I bought it, went to a cafe, and started reading and had this strange destiny kind of moment, like something momentous was happening to me, although I'm not sure how to define it and don't want to reproduce my entire journal entry from the cafe here.

Here's just a few lines from Szymborka's “A Few Notes on the Soul”...it in this context being the soul / spirit...

Joy and sorrow
aren't two different feelings for it.
It attends us
only when the two are joined.

We can count on it
when we're sure of nothing
and curious about everything.

...there is more but I am trying to keep this short... suffice to say it is a REALLY cool, thought-provoking poem...and her whole volume is full of them.

Then later in the day I went to the English-language bookstore I'd been originally headed for (Massolit) and discovered Jacqueline Osherow, a Jewish lady (American) who writes the most amazing, wry, sarcastic but honestly questioning and unflinching poetry in challenge to the spiritual and historical legacy of Judiasm I have ever read.

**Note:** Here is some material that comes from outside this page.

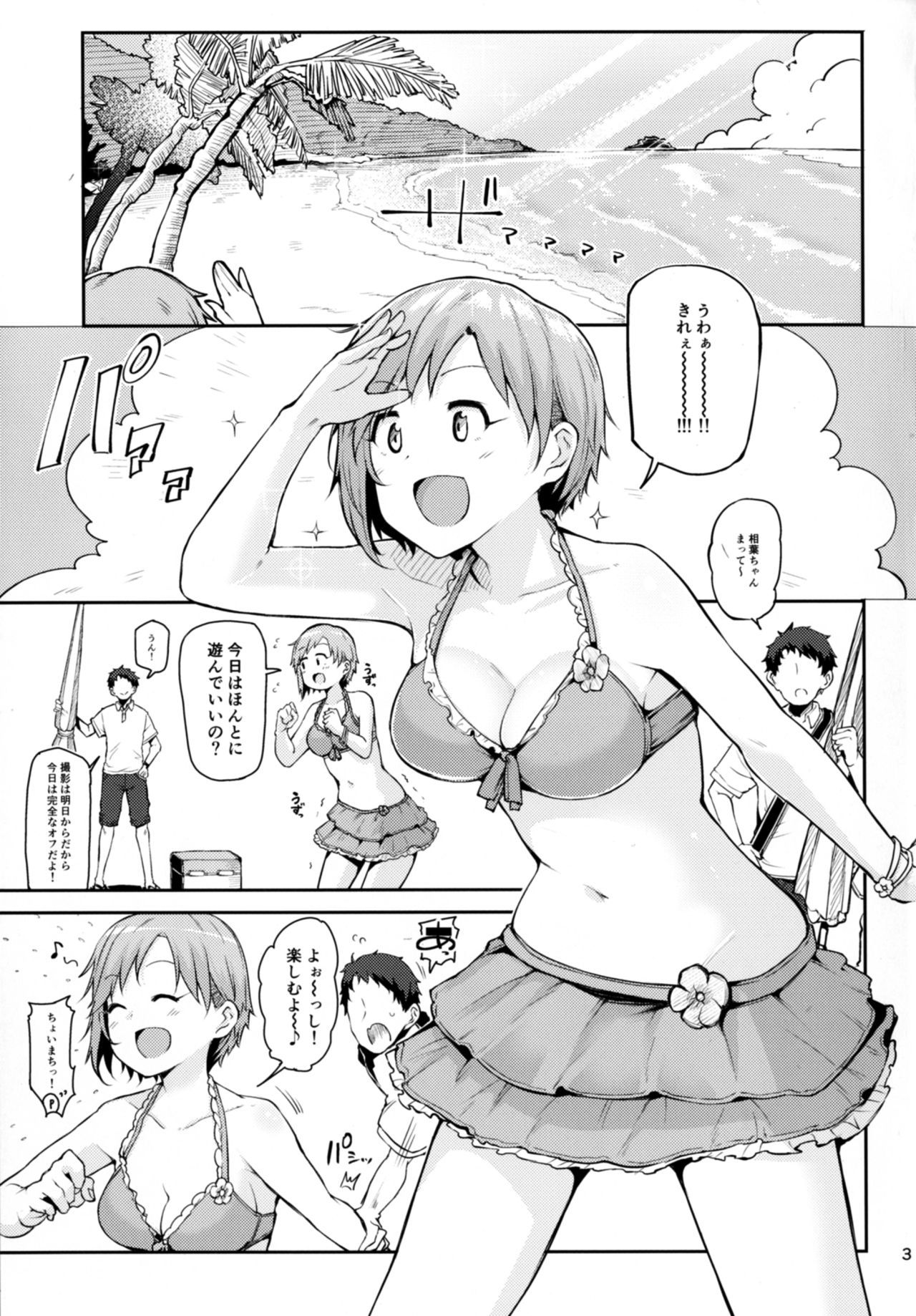 Nechatta Aiba Yumi ni Sukebe Suru Hon page 3 full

She is amazing! I didn't buy the book, because I can get it at home and my pack is getting heavier with every book I buy. But I laughed out loud and cried a bit (she has one poem on Auschwitz, which is something else I didn't visit) and felt inspired to not hold back with all the hard questions that I have bouncing around in my brain. The idea that such hard questions could even be poetry is totally radical for me.

So, after this I wandered down to the Vistala river where there was an amazing late afternoon sun on the water feeling. Then I went to the concert, wrote a bit, and called it a day.